Special scene recreated to mark Lincolnshire railway 60th anniversary

Volunteers from its earliest days were involved

A special scene of the first train rolling out of North Sea Lane station for Humberston Beach was recently recreated to help mark the 60th anniversary of the Lincolnshire Coast Light Railway.

The first heritage railway in the world built by enthusiasts was said to have opened on August 27, 1960 to link the beach and a holiday camp at Humberston in Lincolnshire with the terminus of local bus services.

The Lincolnshire Coast Light Railway is a short line less than a mile long. It was built with old rails and rolling stock from the battlefields in France of World War I and the Nocton Estates Railway, which carried potatoes and sugar beet across the Lincolnshire Fens.

Original opening photo from August 27, 1960 – the first train on the line at Humberston. Photo: William Woolhouse collection/LCLR

It carried two million passengers before changes in British seaside holidays brought about its closure in 1985.

After a long period in store at Burgh-le-Marsh, it was rebuilt and reopened 42 miles to the south in the Skegness Water Leisure Park on Walls Lane, Ingoldmells in 2009.

On August 27 this year the world first was marked by the line’s volunteers by recreating the famous scene using the same locomotive and one of the early carriages.

The 60th anniversary train ready to depart with guard Chris Bates (volunteer since Easter Monday 1961) and driver Mick Allen (volunteer since August 29, 1960). Photo: Dave Enefer/LCLR

Some of the volunteers from its earliest days joined more recently recruited supporters to operate the train. The groups of volunteers were socially distanced and wore face masks.

However, passengers could not be carried because the railway remains closed due to the coronavirus pandemic.

A 1962 photo from a local newspaper showing a then 13-year-old Chris Bates (claimed at the time to be the world’s youngest railway shareholder) cleaning the station sign at LCLR’s original Humberston HQ. Photo: LCLR Archives

The 1962 photo being recreated on August 27, 2020 with Chris Bates tidying up another early LCLR Humberston station sign, but this time in Skegness.
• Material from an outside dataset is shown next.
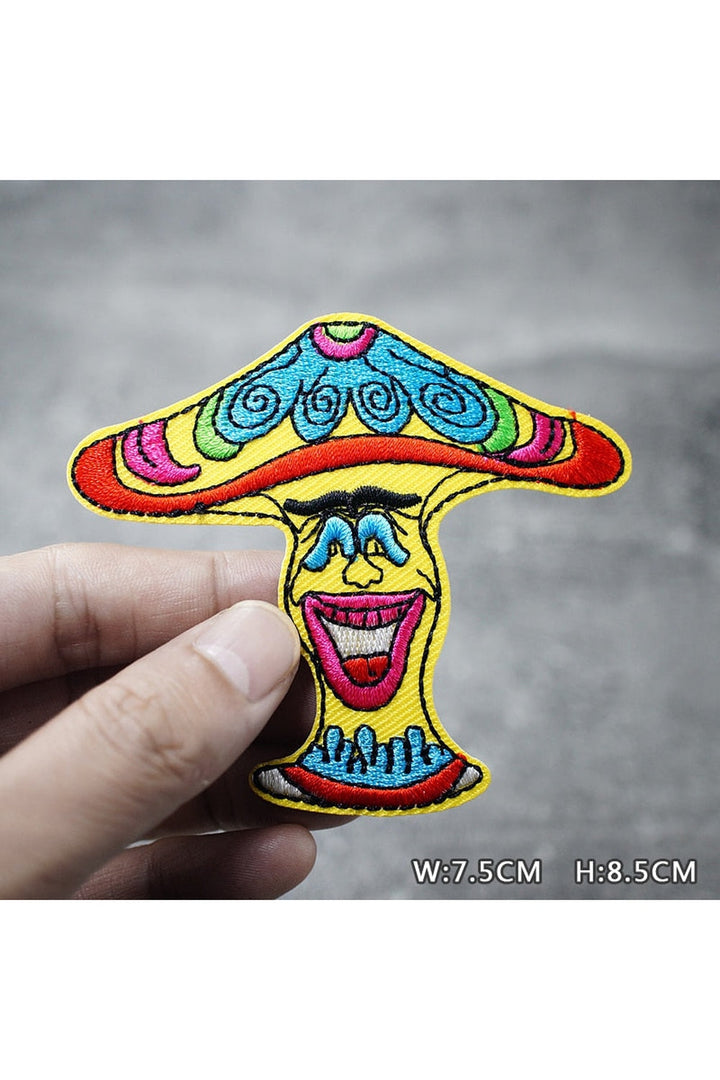 Party Sticker patches | Bowlift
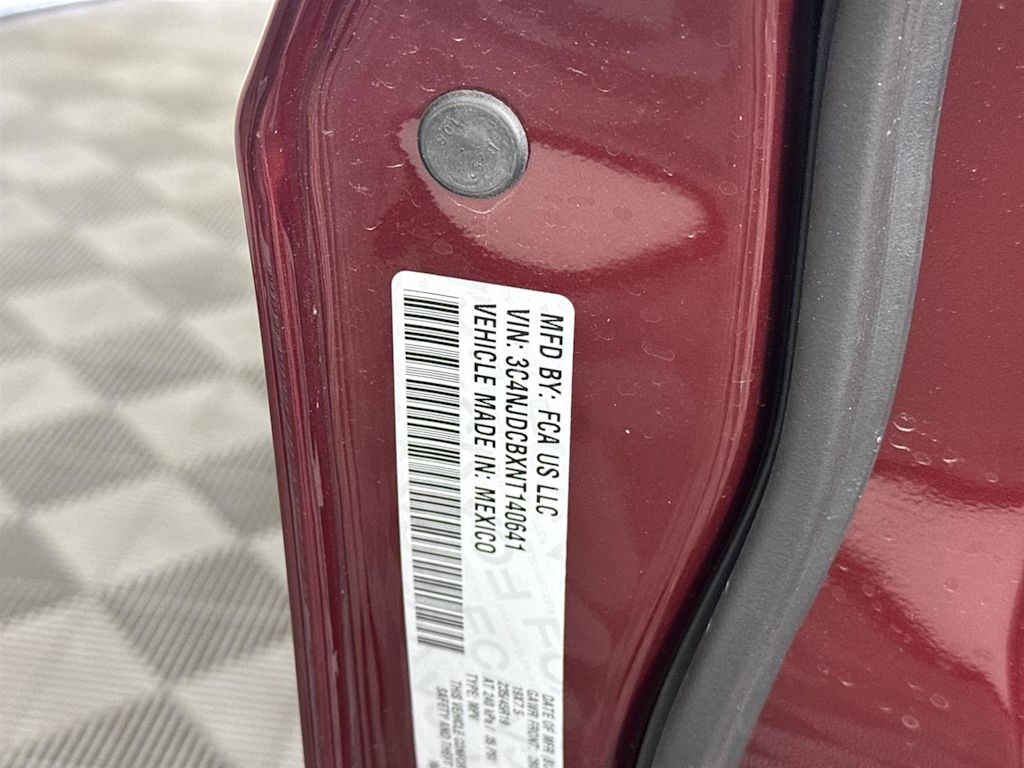 2022 Jeep Compass Limited 14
Photo: Mike Newbold/LCLR

The coronavirus crisis also caused a series of other events planned by Lincolnshire Coast Light Railway for its 2020 season to be postponed until 2021. This include the 25th anniversary of the Skegness Airfield, which is next to the railway in the water park.

Railway spokesman John Chappell said: “The LCLR has survived closure, a long period in storage and lengthy rebuilding, to be recognised as the world’s pioneering heritage line of its type.

“The volunteers were determined to mark this moment in the world’s railway history by recreating the scene from that same date 60 years ago”.

Three long-serving LCLR volunteers prepare to mark their role in the world’s first heritage railway to be built by enthusiasts 60 years ago. Left to right: Chris Bates, Jim Smith, Mick Allen.

Richard Shepherd, Chairman of the LCLR’s Historic Vehicles Trust, said: “We were determined to show we are still developing our railway despite not being able to operate public services at the moment. We look forward to welcoming passengers again when we’re able to”.